Die endlosen Feindschaften und Kriege veranlassten auch in der Folge immer wieder Denker, Philosophen, Schriftsteller, Rechtsgelehrte und Mönche dazu, über eine Einigung auf dem europäischen Kontinent nachzudenken.
Erasmus von Rotterdam verfasste im 16. Jahrhundert eine „Klage des Friedens“, Hugo Grotius „Grundlagen für das Völkerrecht“, Immanuel Kant 1795 sein Buch „Zum ewigen Frieden“. Victor Hugo forderte 1849 „Die Vereinigten Staaten von Europa“.

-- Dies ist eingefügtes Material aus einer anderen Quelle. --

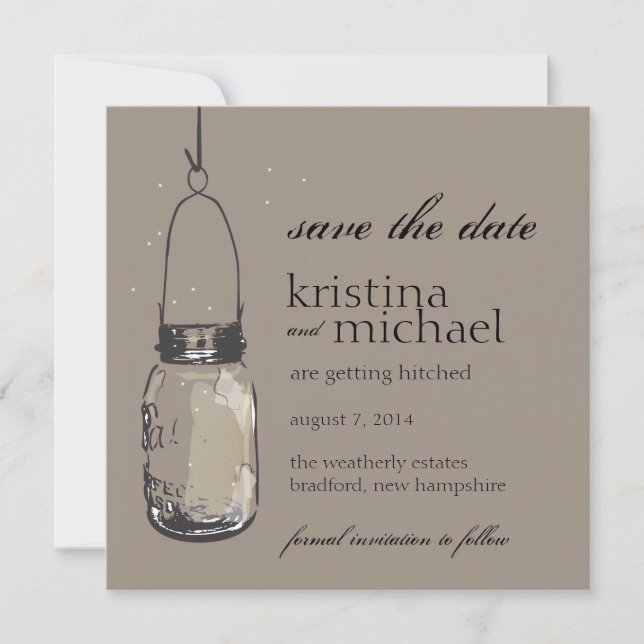 Fireflies & Mason Jar Save the Date (Front)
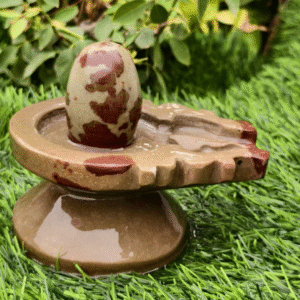 Natural Multicolor Narmadeshwar Shivling with Brown Stone Jaladhari – Sacred Puja Idol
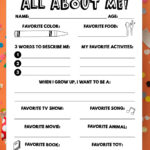 This image shows the free printable all about me you can get at the end of this blog post. The image shows an orange background with confetti, party hats, and bits of wrapping paper. On top of that is the All About Me paper.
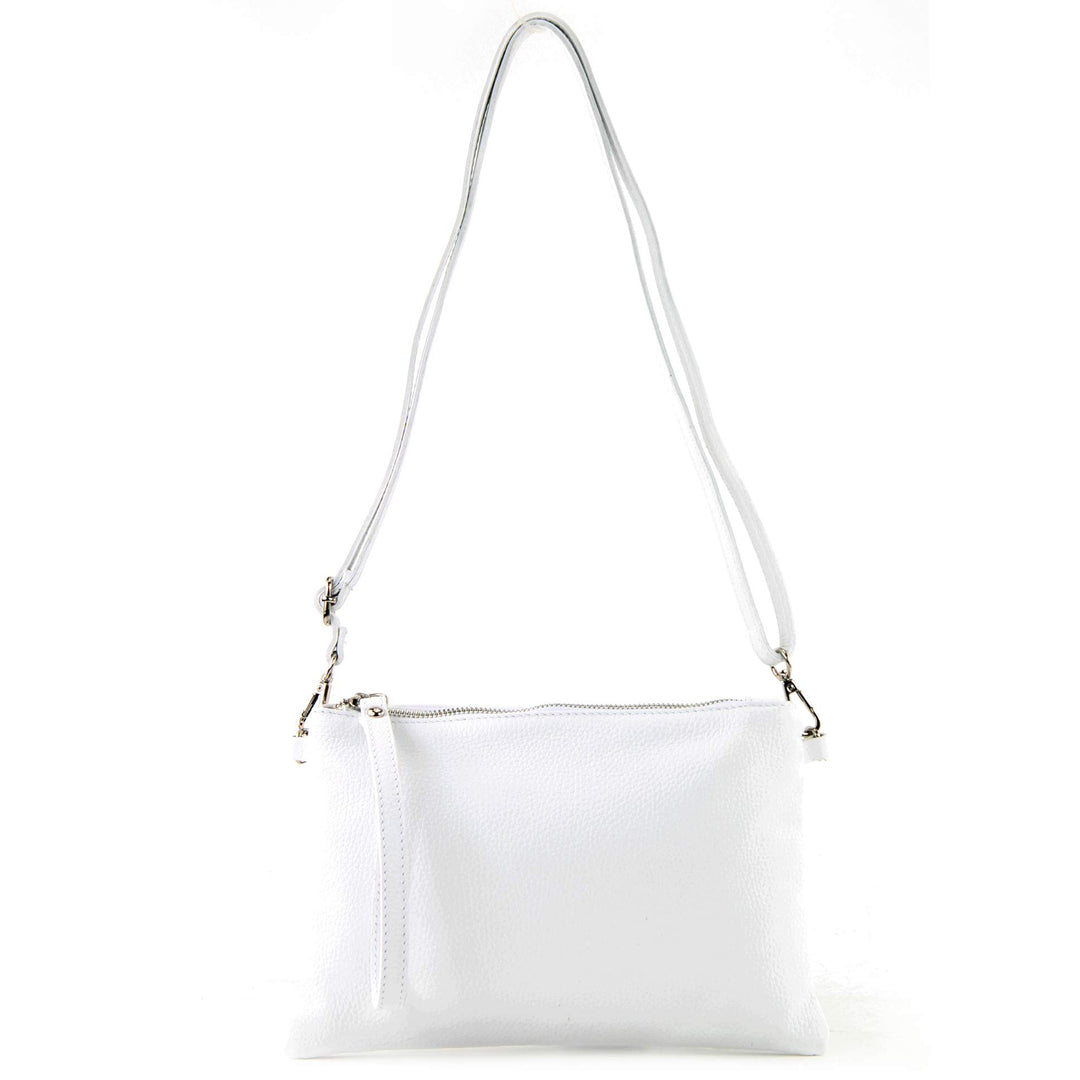 modamoda de T186 Damen Leder Clutch Umhängetasche, handmade in Italy Weiss, Weiss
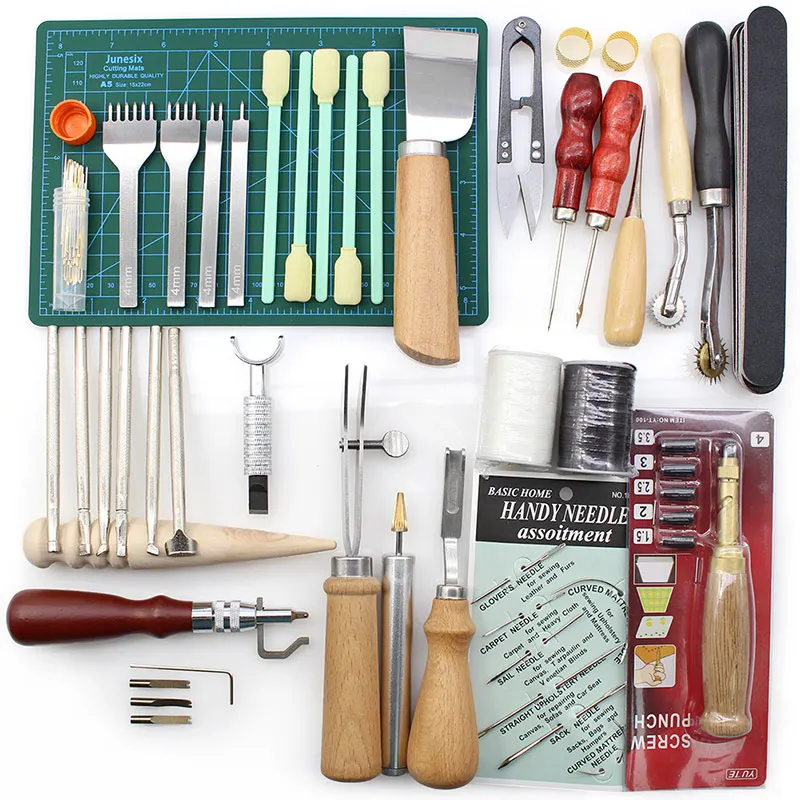 Набор инструментов для кожевенного ремесла и штамповки шаблон рабочий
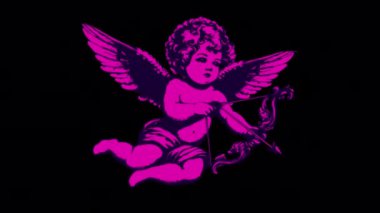 Kanatları havada süzülen Kanatlı Aşk Tanrısı karakteri. Üstünü örtmek için Alfa kanalıyla.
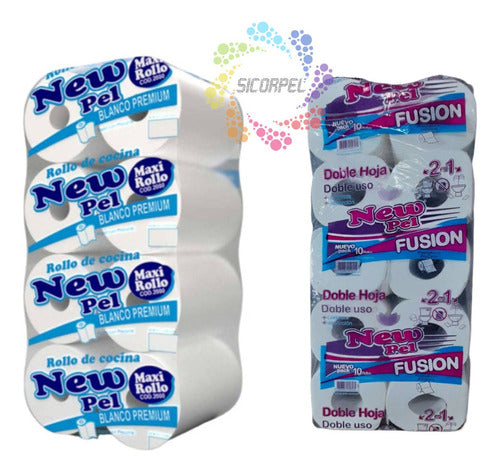 New Pel Toilet Paper D/Sheet 30M + Kitchen Roll Pack of 8 Units 200 Sheets 1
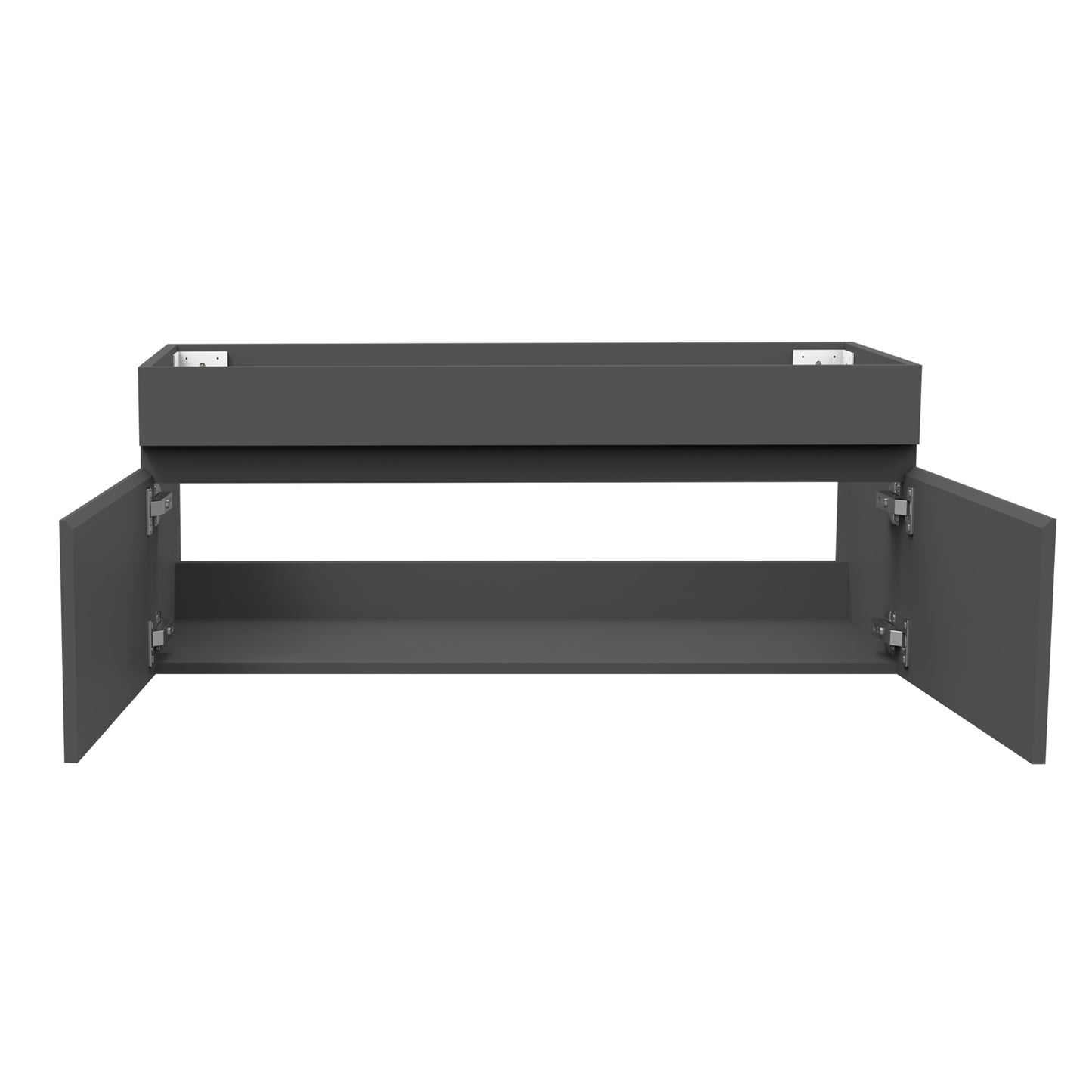 Badezimmer Badmöbel 100cm Keramik Waschtisch mit Unterschrank Hängeschrank Dunkelgrau Matt Badezimmerschränke Badschrank mit 2 Soft-Close Türen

Jedoch die Vorstellungen, die den Verfechtern von Frieden und Einheit vorschwebten, unterscheiden sich zwischen Pazifisten und EU sehr stark. Der Hintergrund für die tatsächliche Europäische Einigungspolitik nach 1945 waren die Katastrophen Zweier Weltkriege. Die Europäische Einigung sollte dem Hypernationalismus jeder Art einen dauernden Riegel vorschieben. KZs und Kriegsverwüstungen waren nach 1945 ein starkes Motiv. Man wollte verhindern, dass wie nach 1918 wieder unzureichende Veränderungen Oberwasser bekommen. Dazu kam der übernationale Schutz der Menschen- und Bürgerrechte die seit der französischen Revolution als Utopie Kreise zogen.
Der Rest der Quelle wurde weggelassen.